By Pedro G. Cavallero (for Safe Democracy)

Pedro G. Cavallero sheds light on Argentinean President Néstor Kirchner‘s aggressive policies by looking at Argentina‘s past and through the study of History. Cavallero explains the motives behind the current Kirchner‘s antagonism towards a large number of social, political, and economic groups in Argentina, including the military and the Church, and states that with the next elections quickly approaching, his leadership becomes evident.

Pedro German Cavallero is a policy analyst based in Washington DC. He holds a master degree in Comparative Law and comments regularly on U.S. foreign policy and inter-American affairs.

PRESIDENT NESTOR KIRCHNER´S LEADERSHIP STYLE BECOMES EVIDENT as he continues to play with the idea of his reelection, while testing society’s response to a prospective presidential run by the first lady. On a regular basis, Kirchner harshly confronts a myriad of political, institutional, social, and economic interlocutors whenever they disagree with governmental decisions.

However, this pattern reveals a natural disposition of the President himself, which characterized his long tenure as governor of Santa Cruz (1991-2003). There also seems to be an understanding in his inner circle that through confrontation and defiance, a president builds an aura of toughness and even invincibility.

This pattern transpired in recurrent showdowns among the administration and Church authorities; his Uruguayan counterpart, Tabaré Vazquez (and previous Uruguayan president, Jorge Battle); visiting President George W. Bush; the opposition; independent journalists; and most recently, the military.

Oddly, during Army’s Day commemoration, President Kirchner’s official address was marked by its unwarranted defiance and warning tone directed squarely at the armed forces. Surrounded by the country’s leading uniformed men and troops, Kirchner concluded with: I do not fear you, a sentence that left his audience absolutely perplexed. By this statement, he was referring to the military establishment which had historically meddled in politics by desposing of democratically- elected governments.

However, despite this attempt to simplify Argentina’s convoluted past, the country’s history has proven to be much more complex. In fact, military erruption into the public scene has always been preceded by the connivance, support, and active encouragement of key civilian sectors.

Paradoxically, the very political movement Kirchner belongs to (Peronism) was born precisely out of one of those chronic military outflows plaguing the second half of the twentieth century, which ultimately catapulted General Juan D. Peron to the presidency in 1946.

In any case, Kirchner’s statement constitutes an anachronism, as the army long ago ceased being an influential political actor. In addition, the military is unwilling (and unable) to corner civilian leadership, as it fully understands its role of subservience to the elected civilian leadership.

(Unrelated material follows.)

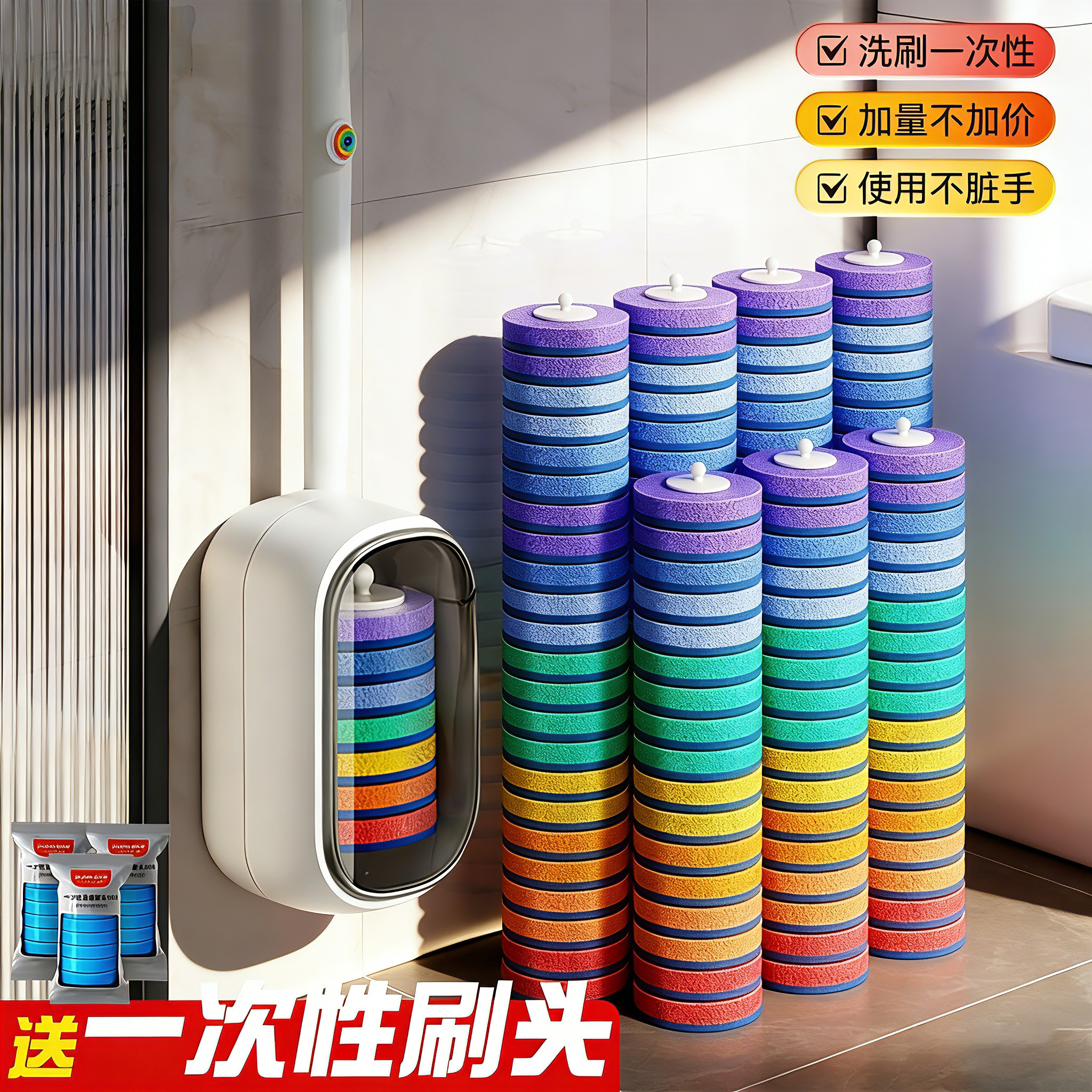一次性壁挂马桶刷用完即扔免手洗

In recent years, army spokespersons have gone through repentance and mea culpa phases, decrying the coups and the abuses committed during the so-called dirty war (1976-1983). Though there have also been instances whereby marginal voices made unacceptable excuses for human rights violations, the armed forces as such have definitely turned the page.

That explains why since the watershed election of left-of-center politician Raul Alfonsin to the presidency (1983), Argentina has been run democratically throughout the past quarter century.

Since coming to office in May 2003, Kirchner has adopted a confrontational stance towards the military. Through repeated messages and highly-charged political gestures, President Kirchner has unambiguously embraced an understanding of the country’s recent past (in particular, the 1976-1983 period), which obliterates the aggression experienced by Argentine society at the hands of messianic, foreign-trained, indoctrinated, and funded irregular armed groups that had terrorized the country.

By choosing such a biased recollection of those traumatic years, Kirchner erodes key aspects of the country’s painful past. As a result, an unnecessary uncertainty has crept into the debate, while moving society’s attention away from Argentina’s most pressing socioeconomic concerns.